Energy report: A power couple on the rocks

Climate-conscious Boulder explores split with Xcel

Allen Best //July 15, 2016//

Energy report: A power couple on the rocks

Climate-conscious Boulder explores split with Xcel

Allen Best //July 15, 2016//

Donald and Ivana Trump. Elizabeth Taylor and Richard  Burton. The City of Boulder and Xcel Energy.

Okay, the latter divorce is not a done deal, nor is it as titillating. No shouting, no drunken skirmishes. In fact, Boulder city officials have conceded that, among the nation’s investor-owned utilities, Xcel may be among the best.

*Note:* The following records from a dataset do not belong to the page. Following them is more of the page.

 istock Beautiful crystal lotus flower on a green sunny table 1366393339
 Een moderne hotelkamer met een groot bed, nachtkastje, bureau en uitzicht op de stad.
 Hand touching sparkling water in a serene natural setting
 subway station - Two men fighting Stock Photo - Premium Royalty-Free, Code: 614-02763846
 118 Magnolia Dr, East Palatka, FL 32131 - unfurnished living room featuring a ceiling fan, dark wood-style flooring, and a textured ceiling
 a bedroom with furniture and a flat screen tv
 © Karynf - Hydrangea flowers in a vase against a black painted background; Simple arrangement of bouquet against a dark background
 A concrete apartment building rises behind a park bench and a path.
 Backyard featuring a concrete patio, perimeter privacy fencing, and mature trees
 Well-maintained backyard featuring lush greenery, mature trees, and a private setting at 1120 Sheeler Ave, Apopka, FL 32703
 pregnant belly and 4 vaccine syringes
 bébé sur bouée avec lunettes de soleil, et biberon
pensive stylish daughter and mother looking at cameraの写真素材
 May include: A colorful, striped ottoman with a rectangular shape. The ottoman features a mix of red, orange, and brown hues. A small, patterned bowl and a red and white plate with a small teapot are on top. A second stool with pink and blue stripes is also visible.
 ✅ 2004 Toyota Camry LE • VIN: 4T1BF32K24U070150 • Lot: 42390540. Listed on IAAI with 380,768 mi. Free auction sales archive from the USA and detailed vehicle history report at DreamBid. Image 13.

But given the magnitude of the climate risk, Boulder finds Xcel lacking, a lead-footed dance partner. Some liken Xcel’s effort to innovate to that of a sumo wrestler trying to perform ballet. And, as a monopoly, they say, it has too little incentive to be entrepreneurial.

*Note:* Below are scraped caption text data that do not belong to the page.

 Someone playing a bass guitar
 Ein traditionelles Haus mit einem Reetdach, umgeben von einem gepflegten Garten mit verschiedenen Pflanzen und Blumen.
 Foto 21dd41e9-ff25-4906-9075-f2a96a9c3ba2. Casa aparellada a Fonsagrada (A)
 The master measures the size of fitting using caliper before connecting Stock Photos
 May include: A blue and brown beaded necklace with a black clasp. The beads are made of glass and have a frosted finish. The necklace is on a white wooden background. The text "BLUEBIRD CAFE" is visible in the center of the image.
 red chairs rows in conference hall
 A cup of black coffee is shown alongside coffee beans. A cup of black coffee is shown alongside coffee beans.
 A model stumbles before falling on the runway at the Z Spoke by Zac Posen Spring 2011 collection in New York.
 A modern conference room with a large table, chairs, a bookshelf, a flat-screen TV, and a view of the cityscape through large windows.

So, better to dance solo? Since refusing to renew its franchise with Xcel in 2010, the city has spent $7.6 million to investigate whether it can establish its own electric utility. A critical question is how much Boulder would have to pay Xcel for its transformers, distribution lines and other infrastructure. City planners have estimated the value at anywhere from $150 million to $400 million, but most likely $214 million. Xcel, of course, will likely think more. A court will decide, and Boulder voters ultimately will choose – possibly before the end of 2017 – whether it’s worthwhile to become Colorado’s 30th municipal utility.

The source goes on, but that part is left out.